▶ _EXERCISE BRIEF_
Starting at the line below that contains "Men's G-III Sports" and ending at the line that contains "Larry, an adopted", retype each line exactly as it stands, but omit the pictures.

▶ _EXERCISE MATERIALS_

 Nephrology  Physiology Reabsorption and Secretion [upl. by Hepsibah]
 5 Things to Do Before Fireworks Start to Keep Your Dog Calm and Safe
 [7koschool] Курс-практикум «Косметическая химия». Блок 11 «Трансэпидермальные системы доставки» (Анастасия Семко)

...

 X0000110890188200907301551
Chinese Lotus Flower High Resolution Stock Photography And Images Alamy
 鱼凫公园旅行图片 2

--

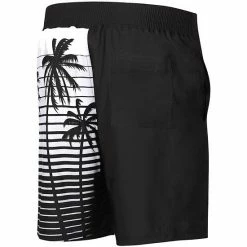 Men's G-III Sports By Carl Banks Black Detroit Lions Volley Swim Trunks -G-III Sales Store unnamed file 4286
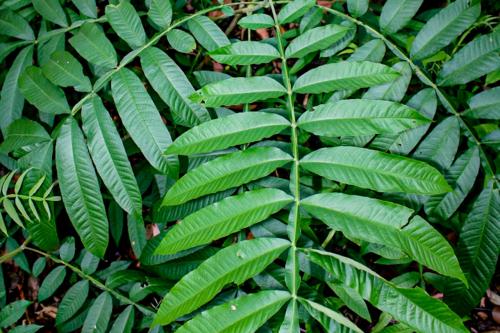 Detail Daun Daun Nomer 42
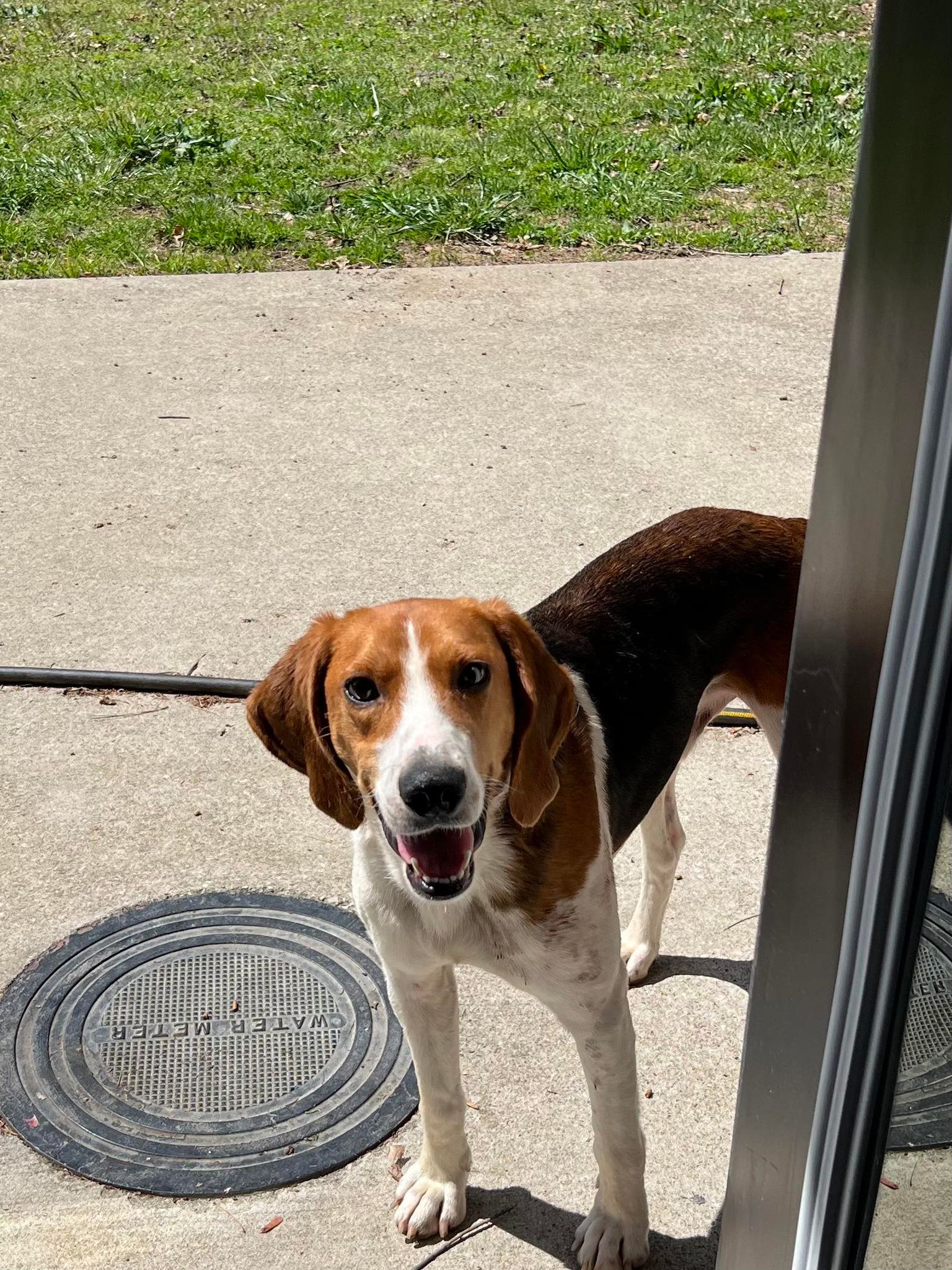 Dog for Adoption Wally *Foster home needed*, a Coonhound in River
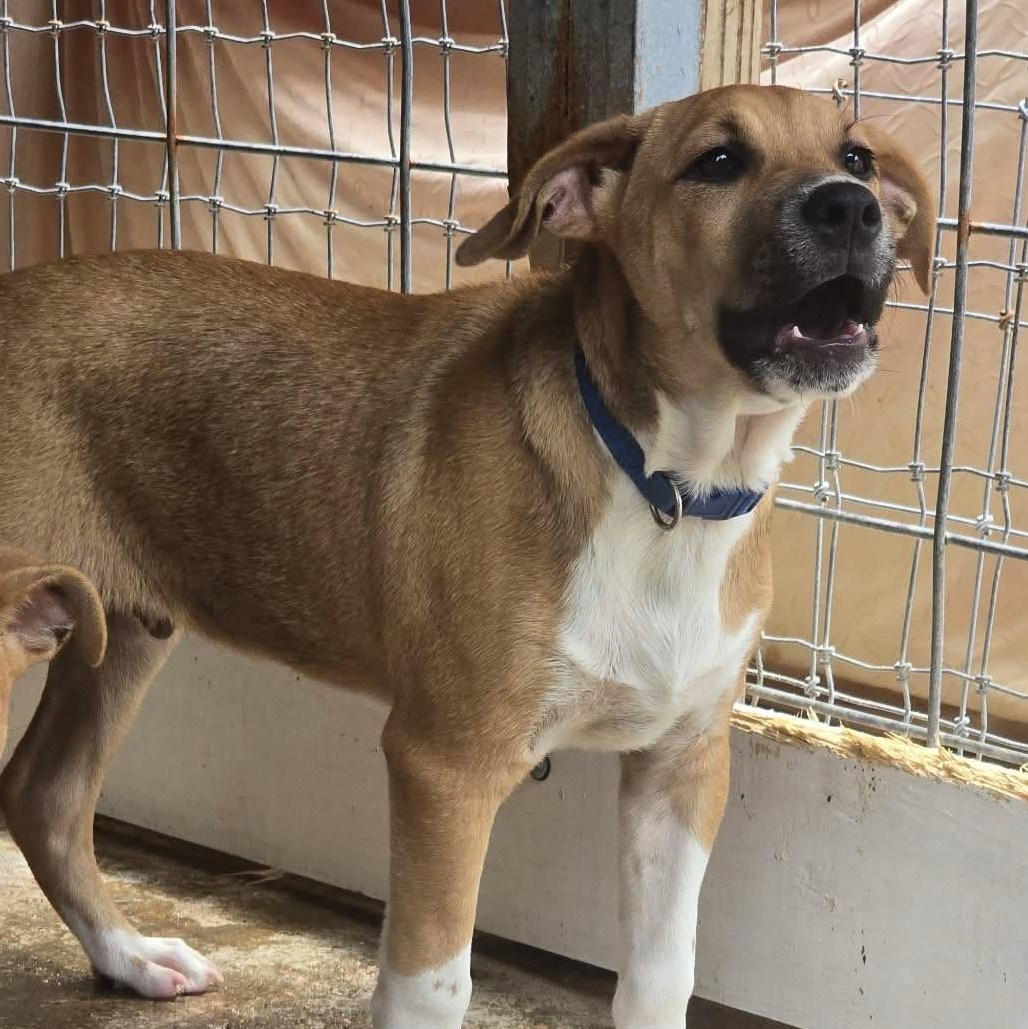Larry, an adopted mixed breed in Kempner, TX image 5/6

▶ _TASK ANSWER_
 Men's G-III Sports By Carl Banks Black Detroit Lions Volley Swim Trunks -G-III Sales Store unnamed file 4286
 Detail Daun Daun Nomer 42
 Dog for Adoption Wally *Foster home needed*, a Coonhound in River
Larry, an adopted mixed breed in Kempner, TX image 5/6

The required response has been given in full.